TASK: For this exercise, reproduce the entries below exactly, but only from the line containing "1a Living room main 1.jpg" through the line containing "شال دولایه پم پم دار وارداتی فروش عمده پوشاک", both included.

GIVEN INFORMATION: Begin

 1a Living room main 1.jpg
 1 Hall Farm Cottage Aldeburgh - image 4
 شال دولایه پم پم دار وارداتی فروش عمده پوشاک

GIVEN INFORMATION: End
GIVEN INFORMATION: Begin

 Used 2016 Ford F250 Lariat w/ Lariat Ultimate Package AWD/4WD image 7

GIVEN INFORMATION: End

OUTPUT OF THE EXERCISE:
 1a Living room main 1.jpg
 1 Hall Farm Cottage Aldeburgh - image 4
 شال دولایه پم پم دار وارداتی فروش عمده پوشاک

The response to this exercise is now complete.